Various parameters can be set here, one of which is the limitation of the situation the detected level and the accuracy and speed of detection control by limiting the point cloud to a certain area before detection and then scaled down.
The removal of invalid values leads an ordered point cloud (see section 3.5.3) into an unused point cloud.
rearranged point cloud. If further processing needs no order, then the application is This data processor makes sense, since the processing of the actual points on this Way is accelerated.
The stereo reconstruction is controlled by a Reconstructor class that has one or more Takes matcher classes as configuration. A single matcher calculates the disparity card based on two images.

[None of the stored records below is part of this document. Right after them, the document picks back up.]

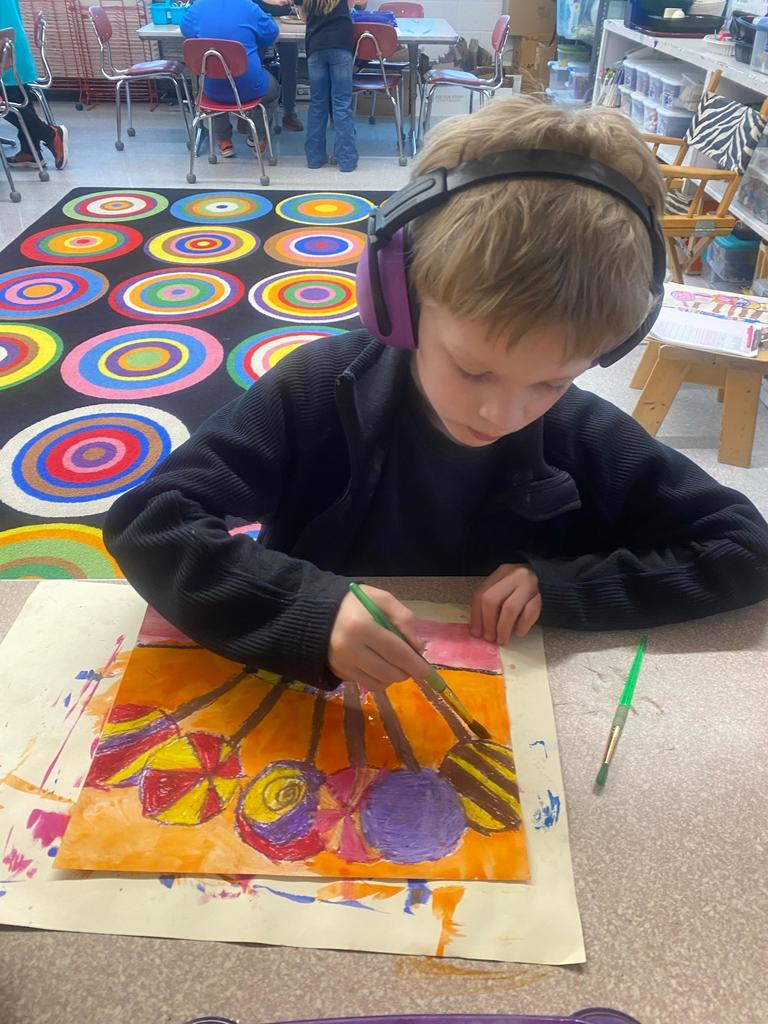 student painting a lollipop picture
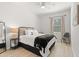 Bright bedroom features a queen bed, side table, and a window with natural light at 625 Heritage Downs Dr., Conway, SC 29526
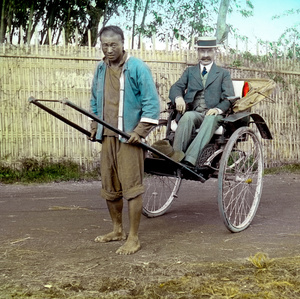 W.G.L. Riddle on a rickshaw, with driver, c.1913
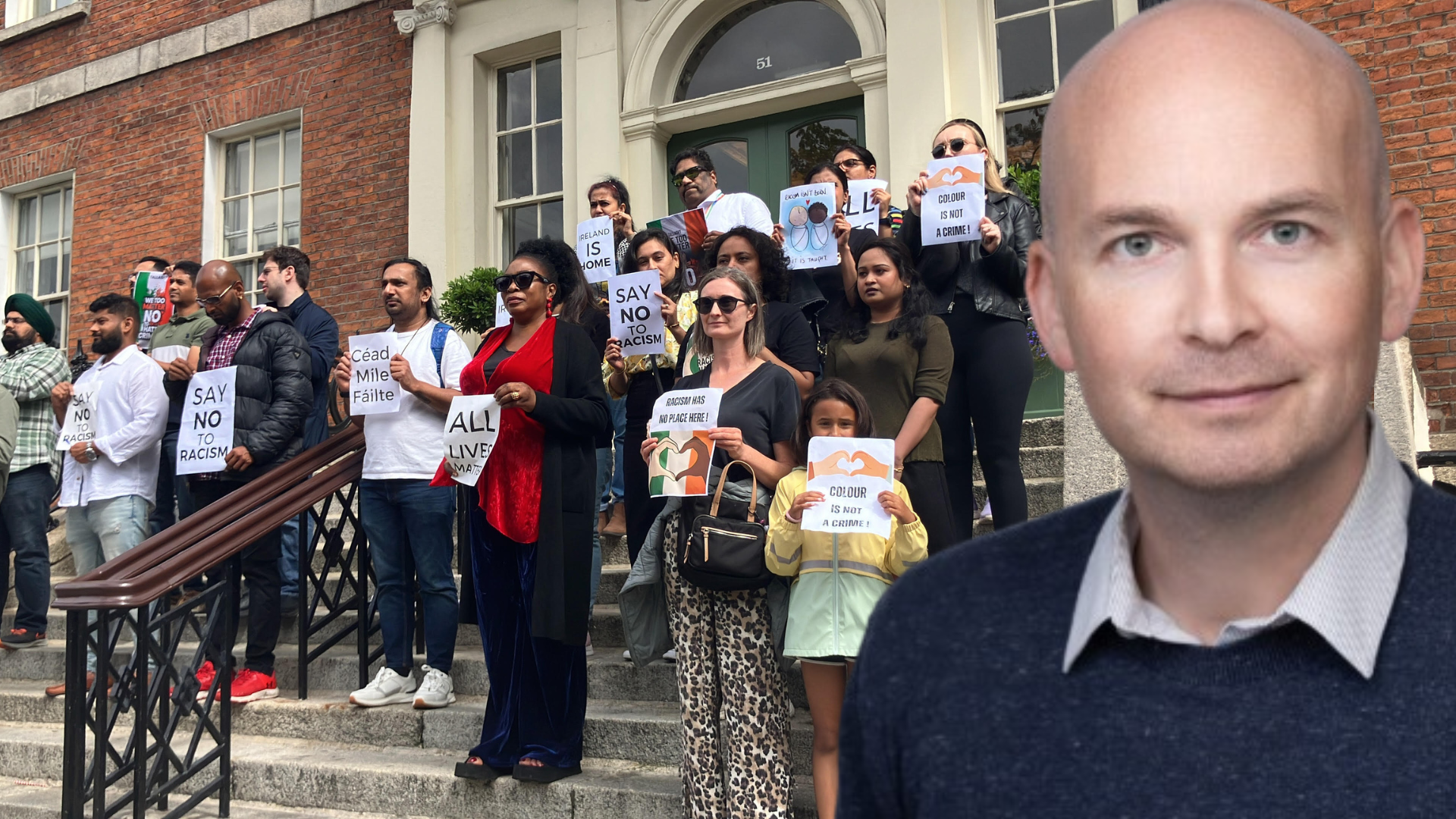 Paul Murphy in front of a photo of the August 2025 Demonstration at the Dept of Justice after a brutal racist attack in Dublin.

He has further attitudes, which depend on the concrete used to depend on algorithm and, for example, can determine the size of windows which he operates on. The three matchers included in the framework provide interfaces to OpenCV and the ELAS library (see Section 3.2.3), where two of these matchers use ELAS. One of them converts the color space of the images to grayscale while the other reconstructs separately allowed on the basis of individual color channels. However, the results of a single matcher can also be ignored Problems such as occlusions be patchy, z. B. then, if the finer reconstruction within smaller window in roughly textured areas is not possible. To address this problem, The Reconstructor class provides an interface to merge the results of multiple matchers. In the framework, a simple procedure is implemented by putting all matchers in the given Sequence and invalid values of the disparity card iteratively by their results replaced as soon as one of the matchers produces valid values in corresponding places.
Reconstruction from Lidardaten
The reconstruction from lidar data essentially involves reading in the delivered spatial data. point coordinates and is thus simpler. For coloring the dots, if available, use the reflectance information of the lidar sensor, which only te supplies. In addition, optional projection into the available camera shots can be done. In this case, the points that are visible in at least one of the shots, with the Color information of the corresponding pixel colored. Since the KITTI dataset contains only annotations for the objects visible on the images, It is also possible to remove all lid points not visible on the images. To change- if objects outside the camera could be recognized correctly, but in the evaluation as Phantom objects (false positives).